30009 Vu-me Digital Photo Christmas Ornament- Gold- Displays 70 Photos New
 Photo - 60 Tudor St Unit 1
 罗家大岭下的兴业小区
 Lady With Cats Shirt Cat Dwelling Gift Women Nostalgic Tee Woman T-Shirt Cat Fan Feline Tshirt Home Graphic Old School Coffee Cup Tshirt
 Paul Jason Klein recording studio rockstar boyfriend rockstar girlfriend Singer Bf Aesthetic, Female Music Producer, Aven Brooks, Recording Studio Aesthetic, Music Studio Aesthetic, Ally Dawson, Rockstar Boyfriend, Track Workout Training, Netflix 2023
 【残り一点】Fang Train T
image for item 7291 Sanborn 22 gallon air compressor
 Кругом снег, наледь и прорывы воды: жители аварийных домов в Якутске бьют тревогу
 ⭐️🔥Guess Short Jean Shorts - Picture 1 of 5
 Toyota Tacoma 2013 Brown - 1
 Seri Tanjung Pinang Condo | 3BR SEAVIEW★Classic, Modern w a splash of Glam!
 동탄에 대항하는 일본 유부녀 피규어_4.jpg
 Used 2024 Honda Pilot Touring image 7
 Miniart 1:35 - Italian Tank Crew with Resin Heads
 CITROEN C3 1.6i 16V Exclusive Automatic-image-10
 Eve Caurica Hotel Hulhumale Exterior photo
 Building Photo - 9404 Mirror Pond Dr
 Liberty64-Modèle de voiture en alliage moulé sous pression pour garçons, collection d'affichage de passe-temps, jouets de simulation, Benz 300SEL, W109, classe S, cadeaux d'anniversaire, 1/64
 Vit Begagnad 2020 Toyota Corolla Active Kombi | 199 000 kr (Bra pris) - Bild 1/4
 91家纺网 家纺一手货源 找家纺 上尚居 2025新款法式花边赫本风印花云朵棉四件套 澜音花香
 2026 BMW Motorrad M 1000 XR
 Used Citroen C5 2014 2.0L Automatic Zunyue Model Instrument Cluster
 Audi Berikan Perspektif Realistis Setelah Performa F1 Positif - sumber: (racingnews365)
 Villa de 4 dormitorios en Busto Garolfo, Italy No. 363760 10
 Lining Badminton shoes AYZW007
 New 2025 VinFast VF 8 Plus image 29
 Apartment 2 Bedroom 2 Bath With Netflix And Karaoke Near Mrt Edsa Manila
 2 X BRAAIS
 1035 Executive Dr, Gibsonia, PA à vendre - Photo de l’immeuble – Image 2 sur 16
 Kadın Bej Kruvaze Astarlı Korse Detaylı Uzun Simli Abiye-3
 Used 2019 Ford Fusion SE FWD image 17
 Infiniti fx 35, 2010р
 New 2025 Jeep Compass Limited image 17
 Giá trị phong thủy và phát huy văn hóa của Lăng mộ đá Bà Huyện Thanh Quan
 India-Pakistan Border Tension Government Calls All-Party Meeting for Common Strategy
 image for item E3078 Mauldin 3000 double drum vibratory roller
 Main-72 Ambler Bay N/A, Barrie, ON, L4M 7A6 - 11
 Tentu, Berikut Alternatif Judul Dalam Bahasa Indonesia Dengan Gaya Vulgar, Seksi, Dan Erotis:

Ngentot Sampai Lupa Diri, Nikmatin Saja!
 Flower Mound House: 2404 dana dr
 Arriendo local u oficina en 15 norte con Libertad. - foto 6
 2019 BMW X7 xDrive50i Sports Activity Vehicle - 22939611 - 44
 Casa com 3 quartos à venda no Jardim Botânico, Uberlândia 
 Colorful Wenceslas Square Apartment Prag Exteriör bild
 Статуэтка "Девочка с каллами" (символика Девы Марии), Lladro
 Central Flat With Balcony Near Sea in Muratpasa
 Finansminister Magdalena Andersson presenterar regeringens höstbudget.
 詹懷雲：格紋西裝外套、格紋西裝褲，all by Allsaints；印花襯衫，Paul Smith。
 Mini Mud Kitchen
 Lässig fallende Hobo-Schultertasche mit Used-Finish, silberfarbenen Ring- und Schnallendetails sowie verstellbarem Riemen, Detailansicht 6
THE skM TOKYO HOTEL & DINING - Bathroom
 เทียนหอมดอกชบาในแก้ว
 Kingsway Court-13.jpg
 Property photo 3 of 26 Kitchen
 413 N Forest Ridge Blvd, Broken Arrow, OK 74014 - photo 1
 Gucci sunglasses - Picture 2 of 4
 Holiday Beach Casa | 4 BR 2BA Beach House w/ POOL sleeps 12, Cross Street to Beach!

*WORK REQUIRED*: Repeat exactly the lines above from the one with "New 2025 Jeep Compass Limited image 17" up to and including the one with "Central Flat With". No other line belongs in the reply.

*OUTPUT*:
 New 2025 Jeep Compass Limited image 17
 Giá trị phong thủy và phát huy văn hóa của Lăng mộ đá Bà Huyện Thanh Quan
 India-Pakistan Border Tension Government Calls All-Party Meeting for Common Strategy
 image for item E3078 Mauldin 3000 double drum vibratory roller
 Main-72 Ambler Bay N/A, Barrie, ON, L4M 7A6 - 11
 Tentu, Berikut Alternatif Judul Dalam Bahasa Indonesia Dengan Gaya Vulgar, Seksi, Dan Erotis:

Ngentot Sampai Lupa Diri, Nikmatin Saja!
 Flower Mound House: 2404 dana dr
 Arriendo local u oficina en 15 norte con Libertad. - foto 6
 2019 BMW X7 xDrive50i Sports Activity Vehicle - 22939611 - 44
 Casa com 3 quartos à venda no Jardim Botânico, Uberlândia 
 Colorful Wenceslas Square Apartment Prag Exteriör bild
 Статуэтка "Девочка с каллами" (символика Девы Марии), Lladro
 Central Flat With Balcony Near Sea in Muratpasa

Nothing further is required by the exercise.